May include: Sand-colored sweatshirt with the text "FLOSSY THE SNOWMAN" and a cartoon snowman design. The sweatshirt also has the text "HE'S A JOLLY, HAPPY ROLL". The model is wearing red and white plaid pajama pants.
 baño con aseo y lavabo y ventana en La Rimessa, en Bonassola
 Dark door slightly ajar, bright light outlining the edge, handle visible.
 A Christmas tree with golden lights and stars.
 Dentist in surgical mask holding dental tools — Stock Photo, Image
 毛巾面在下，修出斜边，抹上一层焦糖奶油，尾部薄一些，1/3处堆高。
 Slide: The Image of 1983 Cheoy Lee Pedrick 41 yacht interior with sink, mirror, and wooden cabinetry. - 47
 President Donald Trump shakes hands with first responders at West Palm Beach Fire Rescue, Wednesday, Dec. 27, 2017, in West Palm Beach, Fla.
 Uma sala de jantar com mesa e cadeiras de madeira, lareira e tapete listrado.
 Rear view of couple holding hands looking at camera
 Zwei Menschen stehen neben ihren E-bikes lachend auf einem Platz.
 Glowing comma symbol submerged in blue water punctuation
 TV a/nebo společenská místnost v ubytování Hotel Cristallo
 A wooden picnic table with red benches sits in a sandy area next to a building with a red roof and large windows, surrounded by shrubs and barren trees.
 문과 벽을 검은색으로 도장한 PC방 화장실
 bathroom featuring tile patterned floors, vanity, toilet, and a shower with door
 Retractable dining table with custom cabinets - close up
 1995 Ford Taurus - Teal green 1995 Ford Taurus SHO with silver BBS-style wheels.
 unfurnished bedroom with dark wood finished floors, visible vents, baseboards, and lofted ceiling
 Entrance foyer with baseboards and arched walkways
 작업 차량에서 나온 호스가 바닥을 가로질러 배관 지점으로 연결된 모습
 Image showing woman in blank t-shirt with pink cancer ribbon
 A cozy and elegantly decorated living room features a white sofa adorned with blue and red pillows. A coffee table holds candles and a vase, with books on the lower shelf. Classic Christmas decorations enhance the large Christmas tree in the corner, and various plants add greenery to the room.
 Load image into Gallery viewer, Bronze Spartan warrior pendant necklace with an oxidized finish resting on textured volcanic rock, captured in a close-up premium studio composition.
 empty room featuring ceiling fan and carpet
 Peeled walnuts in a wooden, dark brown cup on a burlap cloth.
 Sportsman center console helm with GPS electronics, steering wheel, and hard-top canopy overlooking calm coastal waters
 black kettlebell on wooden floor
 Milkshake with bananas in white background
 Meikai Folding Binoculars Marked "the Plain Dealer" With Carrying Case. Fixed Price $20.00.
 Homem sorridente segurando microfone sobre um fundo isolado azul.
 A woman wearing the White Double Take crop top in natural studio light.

# [Problem description]
Precisely the lines between those holding "Uma sala de" and "TV a/nebo společenská", inclusive, are to be reproduced from the listing above, with nothing added.

# [Result of the exercise]
 Uma sala de jantar com mesa e cadeiras de madeira, lareira e tapete listrado.
 Rear view of couple holding hands looking at camera
 Zwei Menschen stehen neben ihren E-bikes lachend auf einem Platz.
 Glowing comma symbol submerged in blue water punctuation
 TV a/nebo společenská místnost v ubytování Hotel Cristallo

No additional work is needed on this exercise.